## WHAT THIS TASK INVOLVES
Please reproduce the data below exactly, from the first line to the last.

▽

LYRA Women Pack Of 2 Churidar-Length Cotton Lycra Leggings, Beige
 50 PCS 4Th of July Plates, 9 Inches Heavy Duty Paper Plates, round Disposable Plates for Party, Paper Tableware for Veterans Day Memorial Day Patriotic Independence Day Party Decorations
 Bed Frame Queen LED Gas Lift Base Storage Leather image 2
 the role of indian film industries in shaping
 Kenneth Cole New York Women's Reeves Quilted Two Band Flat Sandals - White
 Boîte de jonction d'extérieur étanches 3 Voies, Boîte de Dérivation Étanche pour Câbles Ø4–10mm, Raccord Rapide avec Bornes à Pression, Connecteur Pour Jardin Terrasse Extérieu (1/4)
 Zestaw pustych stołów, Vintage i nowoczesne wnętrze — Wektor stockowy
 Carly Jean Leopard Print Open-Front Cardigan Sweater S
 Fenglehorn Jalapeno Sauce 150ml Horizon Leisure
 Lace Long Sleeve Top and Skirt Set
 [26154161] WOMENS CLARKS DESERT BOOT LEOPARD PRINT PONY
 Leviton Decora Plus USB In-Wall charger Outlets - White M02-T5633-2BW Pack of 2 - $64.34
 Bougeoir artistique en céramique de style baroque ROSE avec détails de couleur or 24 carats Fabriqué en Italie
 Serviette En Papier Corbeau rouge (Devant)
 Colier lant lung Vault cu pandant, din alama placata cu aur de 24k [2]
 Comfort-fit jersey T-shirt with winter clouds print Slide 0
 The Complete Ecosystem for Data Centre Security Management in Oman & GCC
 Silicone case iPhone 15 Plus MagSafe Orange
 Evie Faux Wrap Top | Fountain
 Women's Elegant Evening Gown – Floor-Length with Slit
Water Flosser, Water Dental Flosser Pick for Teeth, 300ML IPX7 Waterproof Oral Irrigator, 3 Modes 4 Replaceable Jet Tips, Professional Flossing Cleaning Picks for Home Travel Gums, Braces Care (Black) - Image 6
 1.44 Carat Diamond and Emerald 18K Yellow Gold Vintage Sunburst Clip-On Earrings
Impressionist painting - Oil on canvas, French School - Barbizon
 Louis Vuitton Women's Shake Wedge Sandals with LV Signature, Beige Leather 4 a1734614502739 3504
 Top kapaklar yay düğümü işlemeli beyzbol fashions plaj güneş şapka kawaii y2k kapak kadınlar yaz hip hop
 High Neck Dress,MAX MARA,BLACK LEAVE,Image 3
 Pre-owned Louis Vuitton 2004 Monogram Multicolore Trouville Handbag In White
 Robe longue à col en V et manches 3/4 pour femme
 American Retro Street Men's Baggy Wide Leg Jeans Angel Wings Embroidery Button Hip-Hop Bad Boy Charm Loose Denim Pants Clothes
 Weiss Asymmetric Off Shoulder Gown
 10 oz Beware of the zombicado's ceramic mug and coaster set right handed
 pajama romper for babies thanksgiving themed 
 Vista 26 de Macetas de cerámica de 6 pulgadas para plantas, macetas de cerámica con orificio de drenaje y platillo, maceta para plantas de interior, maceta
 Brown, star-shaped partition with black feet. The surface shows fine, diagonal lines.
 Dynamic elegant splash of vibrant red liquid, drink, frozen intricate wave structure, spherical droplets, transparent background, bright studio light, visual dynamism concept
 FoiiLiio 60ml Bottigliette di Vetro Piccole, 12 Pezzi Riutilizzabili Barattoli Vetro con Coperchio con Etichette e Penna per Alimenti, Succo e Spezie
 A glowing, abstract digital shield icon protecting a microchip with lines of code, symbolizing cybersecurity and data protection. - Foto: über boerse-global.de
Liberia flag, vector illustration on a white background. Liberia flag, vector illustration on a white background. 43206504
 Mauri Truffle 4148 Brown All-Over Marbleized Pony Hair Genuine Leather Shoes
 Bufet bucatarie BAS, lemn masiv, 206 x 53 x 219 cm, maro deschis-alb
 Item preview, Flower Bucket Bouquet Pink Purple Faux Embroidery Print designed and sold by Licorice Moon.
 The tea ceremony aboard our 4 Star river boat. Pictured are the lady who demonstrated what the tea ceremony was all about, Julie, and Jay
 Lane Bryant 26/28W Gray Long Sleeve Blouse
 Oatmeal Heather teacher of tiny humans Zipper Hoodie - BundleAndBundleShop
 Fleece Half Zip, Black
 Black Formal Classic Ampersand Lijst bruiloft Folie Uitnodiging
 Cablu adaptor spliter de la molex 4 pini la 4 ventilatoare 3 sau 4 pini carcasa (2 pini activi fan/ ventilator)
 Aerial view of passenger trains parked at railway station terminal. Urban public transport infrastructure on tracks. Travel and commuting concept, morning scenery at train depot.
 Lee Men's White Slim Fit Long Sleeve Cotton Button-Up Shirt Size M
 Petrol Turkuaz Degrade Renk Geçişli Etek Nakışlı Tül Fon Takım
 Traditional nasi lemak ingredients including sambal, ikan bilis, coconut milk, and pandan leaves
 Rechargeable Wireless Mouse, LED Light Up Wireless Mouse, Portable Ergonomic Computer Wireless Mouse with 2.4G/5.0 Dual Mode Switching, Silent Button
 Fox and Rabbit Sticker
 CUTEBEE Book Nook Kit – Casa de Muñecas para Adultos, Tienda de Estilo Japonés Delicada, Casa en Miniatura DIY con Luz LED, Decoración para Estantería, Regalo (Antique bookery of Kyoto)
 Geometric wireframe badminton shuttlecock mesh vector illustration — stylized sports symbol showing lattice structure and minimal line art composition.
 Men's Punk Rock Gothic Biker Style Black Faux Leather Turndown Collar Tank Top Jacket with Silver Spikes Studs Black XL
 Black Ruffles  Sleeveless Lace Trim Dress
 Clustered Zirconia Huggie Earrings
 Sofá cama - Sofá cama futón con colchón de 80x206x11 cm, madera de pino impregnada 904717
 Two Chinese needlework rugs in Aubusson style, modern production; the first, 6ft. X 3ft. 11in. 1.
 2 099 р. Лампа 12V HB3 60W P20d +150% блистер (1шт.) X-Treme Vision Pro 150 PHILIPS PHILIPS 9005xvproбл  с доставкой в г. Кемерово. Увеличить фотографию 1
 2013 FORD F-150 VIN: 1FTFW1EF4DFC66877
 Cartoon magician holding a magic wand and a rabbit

△

## OUTPUT FOR THIS EXERCISE
LYRA Women Pack Of 2 Churidar-Length Cotton Lycra Leggings, Beige
 50 PCS 4Th of July Plates, 9 Inches Heavy Duty Paper Plates, round Disposable Plates for Party, Paper Tableware for Veterans Day Memorial Day Patriotic Independence Day Party Decorations
 Bed Frame Queen LED Gas Lift Base Storage Leather image 2
 the role of indian film industries in shaping
 Kenneth Cole New York Women's Reeves Quilted Two Band Flat Sandals - White
 Boîte de jonction d'extérieur étanches 3 Voies, Boîte de Dérivation Étanche pour Câbles Ø4–10mm, Raccord Rapide avec Bornes à Pression, Connecteur Pour Jardin Terrasse Extérieu (1/4)
 Zestaw pustych stołów, Vintage i nowoczesne wnętrze — Wektor stockowy
 Carly Jean Leopard Print Open-Front Cardigan Sweater S
 Fenglehorn Jalapeno Sauce 150ml Horizon Leisure
 Lace Long Sleeve Top and Skirt Set
 [26154161] WOMENS CLARKS DESERT BOOT LEOPARD PRINT PONY
 Leviton Decora Plus USB In-Wall charger Outlets - White M02-T5633-2BW Pack of 2 - $64.34
 Bougeoir artistique en céramique de style baroque ROSE avec détails de couleur or 24 carats Fabriqué en Italie
 Serviette En Papier Corbeau rouge (Devant)
 Colier lant lung Vault cu pandant, din alama placata cu aur de 24k [2]
 Comfort-fit jersey T-shirt with winter clouds print Slide 0
 The Complete Ecosystem for Data Centre Security Management in Oman & GCC
 Silicone case iPhone 15 Plus MagSafe Orange
 Evie Faux Wrap Top | Fountain
 Women's Elegant Evening Gown – Floor-Length with Slit
Water Flosser, Water Dental Flosser Pick for Teeth, 300ML IPX7 Waterproof Oral Irrigator, 3 Modes 4 Replaceable Jet Tips, Professional Flossing Cleaning Picks for Home Travel Gums, Braces Care (Black) - Image 6
 1.44 Carat Diamond and Emerald 18K Yellow Gold Vintage Sunburst Clip-On Earrings
Impressionist painting - Oil on canvas, French School - Barbizon
 Louis Vuitton Women's Shake Wedge Sandals with LV Signature, Beige Leather 4 a1734614502739 3504
 Top kapaklar yay düğümü işlemeli beyzbol fashions plaj güneş şapka kawaii y2k kapak kadınlar yaz hip hop
 High Neck Dress,MAX MARA,BLACK LEAVE,Image 3
 Pre-owned Louis Vuitton 2004 Monogram Multicolore Trouville Handbag In White
 Robe longue à col en V et manches 3/4 pour femme
 American Retro Street Men's Baggy Wide Leg Jeans Angel Wings Embroidery Button Hip-Hop Bad Boy Charm Loose Denim Pants Clothes
 Weiss Asymmetric Off Shoulder Gown
 10 oz Beware of the zombicado's ceramic mug and coaster set right handed
 pajama romper for babies thanksgiving themed 
 Vista 26 de Macetas de cerámica de 6 pulgadas para plantas, macetas de cerámica con orificio de drenaje y platillo, maceta para plantas de interior, maceta
 Brown, star-shaped partition with black feet. The surface shows fine, diagonal lines.
 Dynamic elegant splash of vibrant red liquid, drink, frozen intricate wave structure, spherical droplets, transparent background, bright studio light, visual dynamism concept
 FoiiLiio 60ml Bottigliette di Vetro Piccole, 12 Pezzi Riutilizzabili Barattoli Vetro con Coperchio con Etichette e Penna per Alimenti, Succo e Spezie
 A glowing, abstract digital shield icon protecting a microchip with lines of code, symbolizing cybersecurity and data protection. - Foto: über boerse-global.de
Liberia flag, vector illustration on a white background. Liberia flag, vector illustration on a white background. 43206504
 Mauri Truffle 4148 Brown All-Over Marbleized Pony Hair Genuine Leather Shoes
 Bufet bucatarie BAS, lemn masiv, 206 x 53 x 219 cm, maro deschis-alb
 Item preview, Flower Bucket Bouquet Pink Purple Faux Embroidery Print designed and sold by Licorice Moon.
 The tea ceremony aboard our 4 Star river boat. Pictured are the lady who demonstrated what the tea ceremony was all about, Julie, and Jay
 Lane Bryant 26/28W Gray Long Sleeve Blouse
 Oatmeal Heather teacher of tiny humans Zipper Hoodie - BundleAndBundleShop
 Fleece Half Zip, Black
 Black Formal Classic Ampersand Lijst bruiloft Folie Uitnodiging
 Cablu adaptor spliter de la molex 4 pini la 4 ventilatoare 3 sau 4 pini carcasa (2 pini activi fan/ ventilator)
 Aerial view of passenger trains parked at railway station terminal. Urban public transport infrastructure on tracks. Travel and commuting concept, morning scenery at train depot.
 Lee Men's White Slim Fit Long Sleeve Cotton Button-Up Shirt Size M
 Petrol Turkuaz Degrade Renk Geçişli Etek Nakışlı Tül Fon Takım
 Traditional nasi lemak ingredients including sambal, ikan bilis, coconut milk, and pandan leaves
 Rechargeable Wireless Mouse, LED Light Up Wireless Mouse, Portable Ergonomic Computer Wireless Mouse with 2.4G/5.0 Dual Mode Switching, Silent Button
 Fox and Rabbit Sticker
 CUTEBEE Book Nook Kit – Casa de Muñecas para Adultos, Tienda de Estilo Japonés Delicada, Casa en Miniatura DIY con Luz LED, Decoración para Estantería, Regalo (Antique bookery of Kyoto)
 Geometric wireframe badminton shuttlecock mesh vector illustration — stylized sports symbol showing lattice structure and minimal line art composition.
 Men's Punk Rock Gothic Biker Style Black Faux Leather Turndown Collar Tank Top Jacket with Silver Spikes Studs Black XL
 Black Ruffles  Sleeveless Lace Trim Dress
 Clustered Zirconia Huggie Earrings
 Sofá cama - Sofá cama futón con colchón de 80x206x11 cm, madera de pino impregnada 904717
 Two Chinese needlework rugs in Aubusson style, modern production; the first, 6ft. X 3ft. 11in. 1.
 2 099 р. Лампа 12V HB3 60W P20d +150% блистер (1шт.) X-Treme Vision Pro 150 PHILIPS PHILIPS 9005xvproбл  с доставкой в г. Кемерово. Увеличить фотографию 1
 2013 FORD F-150 VIN: 1FTFW1EF4DFC66877
 Cartoon magician holding a magic wand and a rabbit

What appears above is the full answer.